Fuel prices in Pakistan are projected to experience a substantial decrease of up to Rs. 18 per liter. This forecast is based on the recent depreciation of the Pakistani Rupee (PKR) by 1 percent to 280.5/$ from the previous fortnightly average of 277/$. Additionally, the prices of West Texas Intermediate (WTI), Brent, and Arablight have seen a decline of approximately 4.3 percent, 3.2 percent, and 4.2 percent respectively compared to the previous week.
This anticipated reduction follows a series of price adjustments in the recent past. The interim government had previously reduced the price of petrol by Rs. 40 per liter and the price of high-speed diesel by Rs. 15 during the last fortnightly review of petroleum prices.
This was largely due to the Pakistani Rupee’s 28-day winning streak against the US dollar and the international rates of High-Speed Diesel (HSD) and Motor Spirit (MS) falling by $1.3-3.5 per barrel in the preceding week.
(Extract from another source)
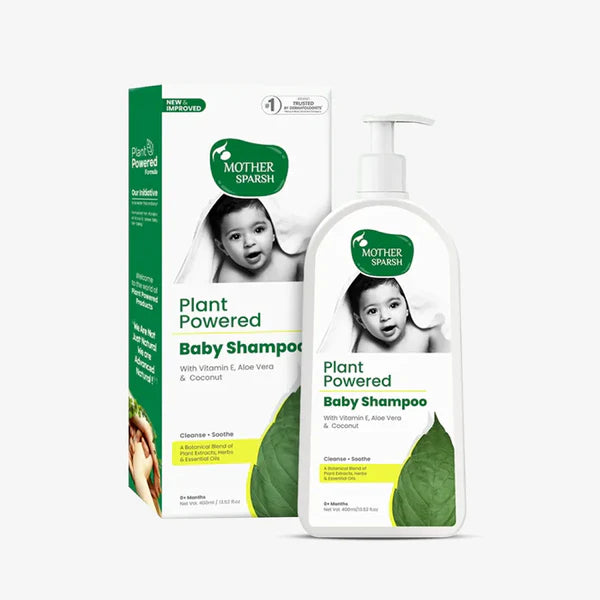 Mother Sparsh Plant Powered Baby Shampoo, 0m+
Between August 15 and September 15, petrol and high-speed diesel prices had escalated by Rs. 58.43 and Rs. 55.83 per liter respectively, reaching a record high of Rs. 331-333 per liter at retail until September 30. However, with the PKR’s significant recovery from below 300 to above 278, fuel and diesel rates were subsequently reduced by Rs. 52 and Rs. 26 per liter respectively on October 1st and 15th.
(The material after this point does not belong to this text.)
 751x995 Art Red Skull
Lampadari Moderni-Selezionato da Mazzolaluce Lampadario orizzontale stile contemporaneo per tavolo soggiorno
The current estimates suggest that the per liter rates for High-Speed Diesel could fall by Rs. 5-6 and MS Petrol by Rs. 17-18 per liter on October 31. If the international prices and the resurgent Pakistani Rupee continue their positive trend, local petrol and diesel prices could potentially decrease to Rs. 297-298 and Rs. 265-266 respectively in the next fortnightly prices effective from October 31, 2023.
These projections are based on actual costs in the first 12 days of the current fortnight and estimates for the remaining period. If these predictions hold, this would mark the third consecutive decrease in fuel rates after three successive hikes.